Problem configuring and using IPoIB

I have IB connecting two nodes, and if i run ibhosts i can see both nodes GUID but when I run ibqueryerrors it says “2 bad nodes found” and “2 ports have errors beyond thresholds”. I have given the nodes the IP addresses 10.0.0.0 and 10.0.0.1 in my if cfg-ib0 and when i try and ping one from the other it times out. Looking in the log the other node has been assigned a LID, and there is no indication of an error but the messages log does not say SUBNET UP. I’m new to IB and don’t really know what the error might be. Has anyone encountered this error before/knows where I can find more info?

ibnetdiscover

ibdiagnet -r

sminfo

saquery

saquery -s

After messing with it again last night, I seem to have IPoIB configured as the MTU dropped to 2044 and the IPs that I assigned each node in their ifcfg-ib0 show up when i run “ifconfig ib0”. Now I see the SUBNET UP message in my log but I still don’t have connection. When I run ping 10.0.0.1 it times out, and when I try ibping -G it times out as well.

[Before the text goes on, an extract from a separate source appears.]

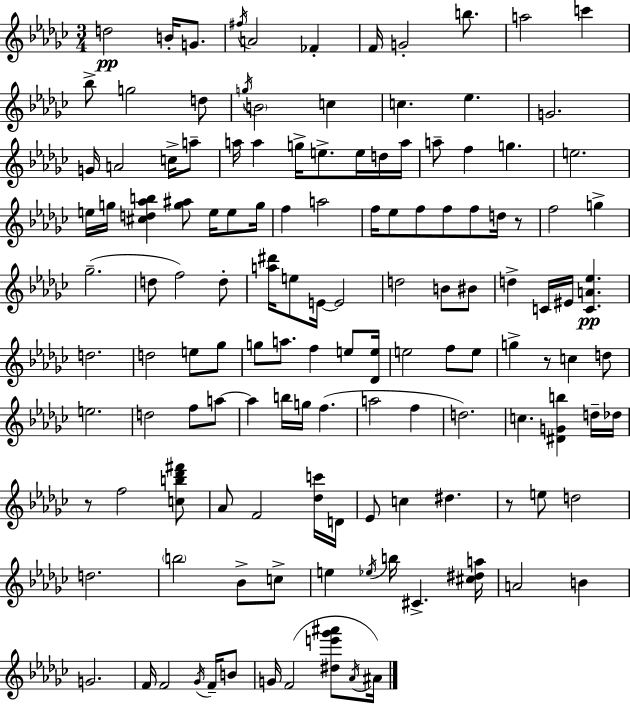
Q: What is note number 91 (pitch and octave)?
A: Db5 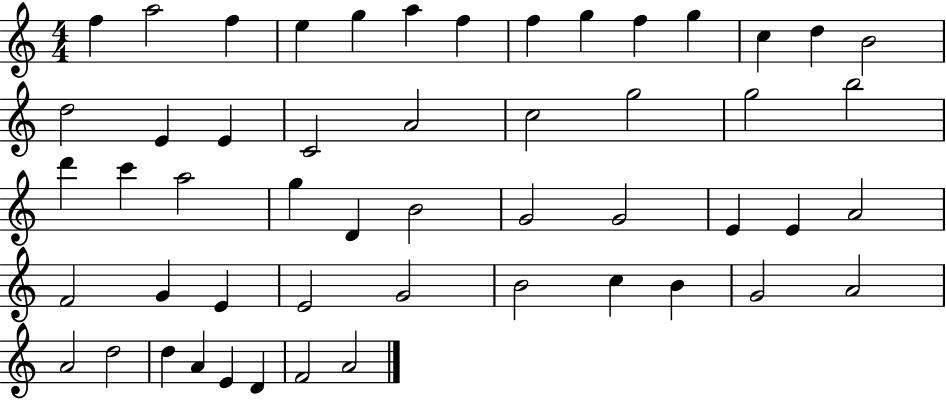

I ran osmtest and got all of these errors,

and even a few more above that I couldn’t fit into the screen shot.

My opensm.log on the head node running opensm shows that the subnet was up, but a number of errors showed up once I ran osmtest.

I can’t really find anything in my setup that looks like an error, or anything that indicates where the error is. I am using older HCAs 26428s and when I ran mlnxofedinstall it said it couldn’t update the firmware. Is this potentially a firmware issue?

I installed flexboth nodes HCA as well if it makes any difference.

Thanks,

Trevor

Hi Trevor,

can you send the following output:

  1. ibnetdiscover

  2. ibdiagnet -r (all files under /var/tmp/ibdiagnet2/)

  3. sminfo

  4. saquery

  5. saquery -s

Hi Trevor,

are you still experiencing issues with IPoIB?

if yes - can you please provide the opensm configuration file you are using (if exists) and the opensm command line you used in order to start opensm.

Please also provide the output of:

saquery -g

saquery -m

and I’ve just checked, and I have the most recent FW on the mellanox site for an HT26428 (2.9.1000)

Does flex boot cause issues with trying to use IB normally? ibdiagnet seems to indicate errors in the FW but the most recent FW I found on the mlnx site is 2.9.100, and that is what my cards say they have when i run ibv_devinfo. There are also seem to be issues with routing but I’m assuming that is caused by the issues with the firmware…

Thanks,

Trevor

yes, I am still having this problem. Although at this point I believe my IPoIB config is correct and it seems to be a firmware issue.

my opensm folder in /etc is empty so it looks like I do not have an opensm config file. If you could tell me if my IPoIB config is correct that would be very helpful.

Thanks,

Trevor